Neal McClusky comes out of the gate with the headline "Common Core Treats Students Like Soulless Widgets" and wraps up with the sentence "It is a federally coerced, one-size-fits-all regime that ignores basic, human reality." Everything in between is icing on that cake.

Charles Barone reminds me that I want so badly for his group's full name to be "Democrats for Education Reform Programs," because then their acronym would be DERP and justice would be served. Barone provides a pretty spectacular goulash of goonery. He says in some states CCSS is becoming the "Vietnam of education issues" and isn't that a rich and curious analogy for a CCSS proponent to use. He depicts opposition is "all-purpose right-wing fringe arguments" and lumps opponents with "small bands of tea partiers." He blames the rash of testing in New York on Randi Weingarten and the AFT. And then, as God is my witness, he descends into a series of disconnected sentences that argue against CCSS. These perhaps are meant to support his main point, which seems to be that CCSS intentions are beautiful but implementation is undermining that. In which case, DERP is a well-earned title.

For the finish, Barone, incredibly, goes back to Vietnam! This is an apt metaphor apparently not for "never should have been there in the first place" or "mess created by tissue of government lies" but instead we're reaching for "quagmire" or "place everybody left after they figured it was  not cost-effective to stay." Not making things better, Charles.
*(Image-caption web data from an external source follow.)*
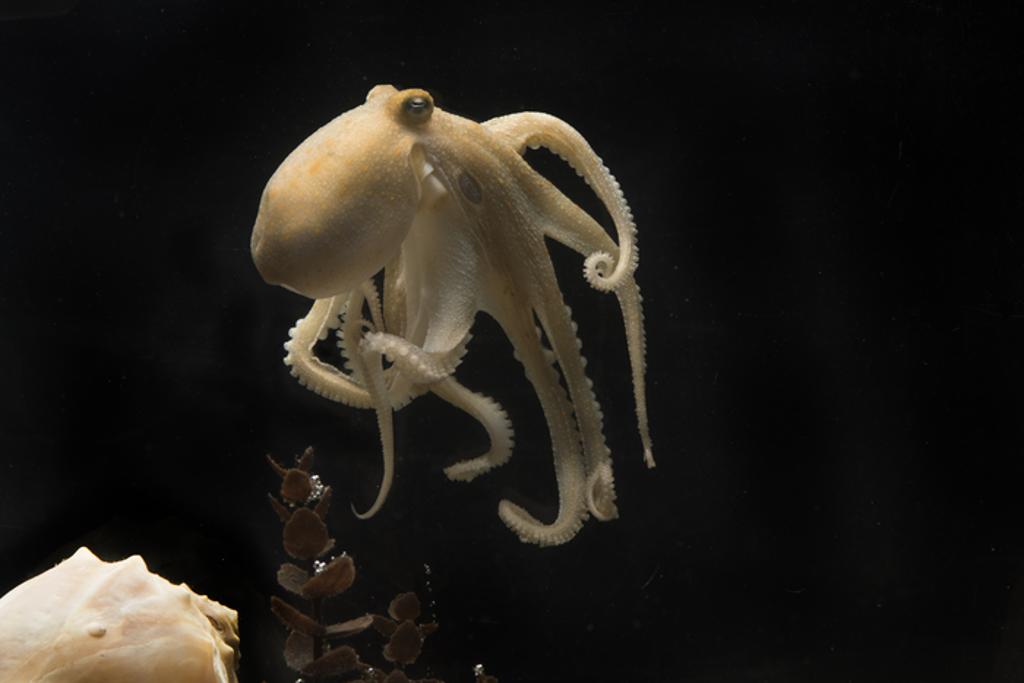 Octopus bimaculoides (Tom Kleindinst, Marine Biological Laboratory)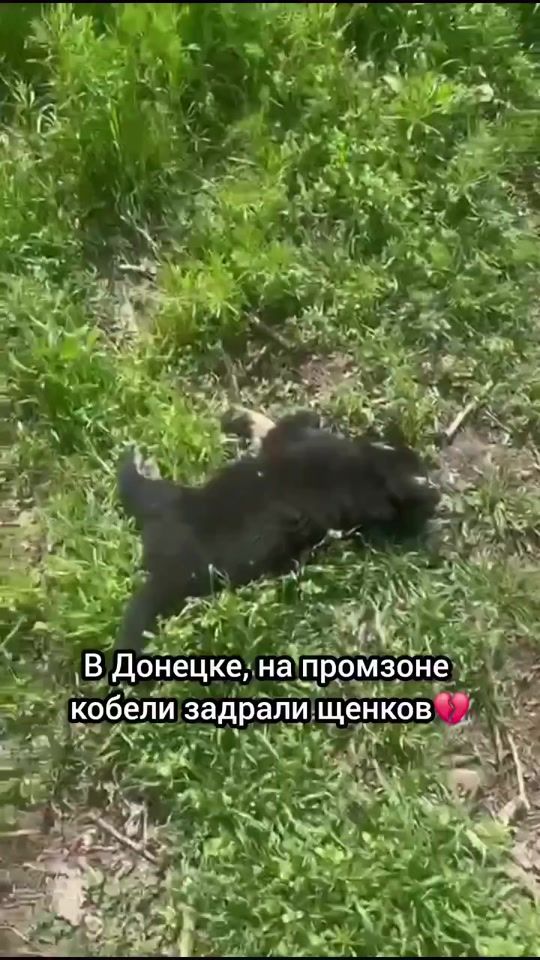 TikTok video thumbnail by laimdota.spakovsk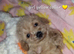Cavapoochon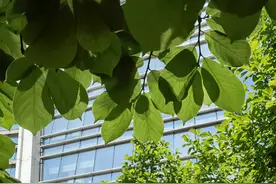 民事法律行为撤销、无效的法律后果及可撤销行为的时间规定图片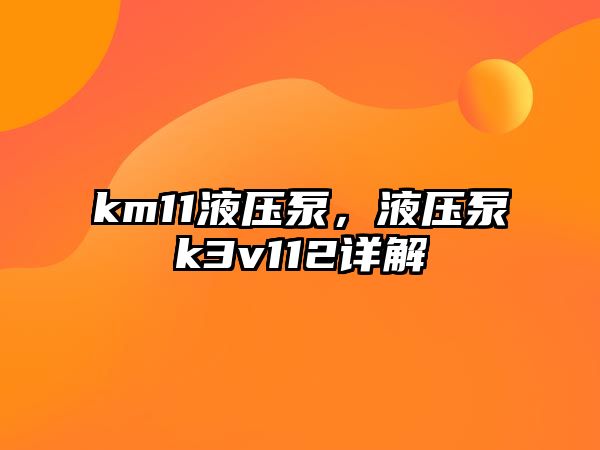 km11液壓泵，液壓泵k3v112詳解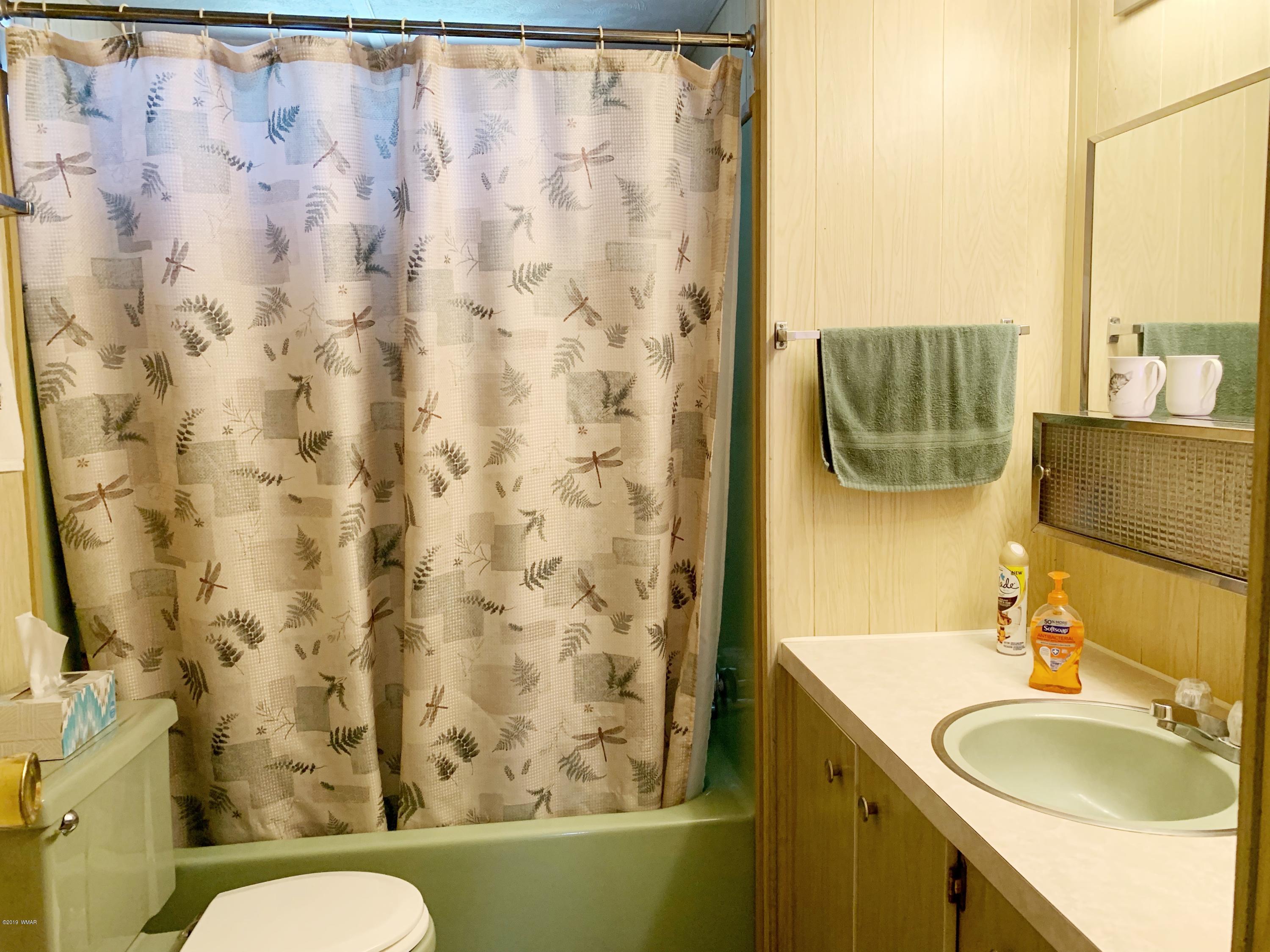 2128 Cottontail Road Overgaard, AZ 85933 - Photo 9 of 18 a bathroom with a sink toilet and shower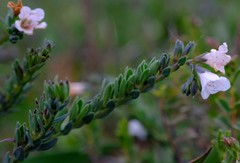Lobostemon hottentoticus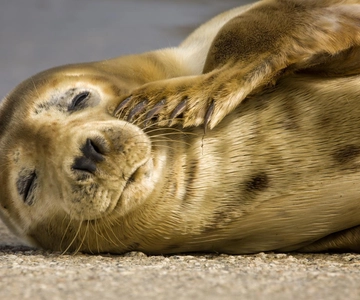 Cornwall: Guided Seal Safari by Boat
Matt Kibbe argues that all attempts at national standardization are doomed to fail, that all federal attempts to intervene in education have failed miserably, and that the federal government is a really awful terribly money-sucking black hole that consumes all things bright and good. He offers an interesting new summation of CCSS-- "Common Core represents a set of national standards with the aim of imposing uniformity on the country’s schools through rigorous testing requirements." Then he offers further observations about how badly federal government sucks, notes that children are individuals, says conservatives should hate this, and brings it all home with a call for School Choice.
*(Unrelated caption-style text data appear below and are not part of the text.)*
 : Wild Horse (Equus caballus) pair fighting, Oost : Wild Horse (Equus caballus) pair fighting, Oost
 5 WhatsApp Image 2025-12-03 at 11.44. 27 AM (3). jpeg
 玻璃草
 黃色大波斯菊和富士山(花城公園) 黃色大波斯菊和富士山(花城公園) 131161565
Michelle Rhee hasn't accomplished much of value in her adult life, but boy does she have her talking points polished to bright sheen. Her argument is personal-- she uses the word "I" a great deal-- and familiar. The states wrote the CCSS. Teachers (75% of them) love it. We have to fight the status quo because Estonia is kicking our ass. She constructs a barely-made-of-straw man and then kicks it down (straw men are the only people Rhee will debate). Rhee feels all the feelings. She's outraged. She's appalled. She has some false statistics to back her feelings up. Also, high tech companies are pushing for more foreign work visas because we don't have enough engineers in this country (willing to work cheap). She is no stranger to how change is hard in education reform. She is all about the kids. That's why from now on she is going to donate her massive speaker fees to charities that work with children. Okay, I made that last part up. She's totally going to keep making money hand over fist talking about how much she wants to look out for the kiddies.

Who won the debate? You can still click on over there and cast a vote. Unfortunately, you can't vote on how badly you think US News stacked the debate against a full examination of CCSS, nor can you vote for which debater made the most ridiculous points or most egregiously stabs his own union members in the back.


  1. Also, bite me.

    LOL. My sentiments exactly!

  2. LOLd more than once reading this. Awesome piece. I heart snark!

  3. for such a frustratingly maddening topic--that was hilarious. "Dennis Van Roekel (sound of my hand slapping against my forehead)" LOL.

  4. It should be noted that Mortimer Zuckerman, Chairman and Editor-in-Chief of the U.S. News and World Report, along with Michelle Rhee, has been on the board of the Broad Foundation. See the 2009/20010 Broad Foundation Annual Report, Page 25

    1. Indeed, it should be noted. Thanks for that.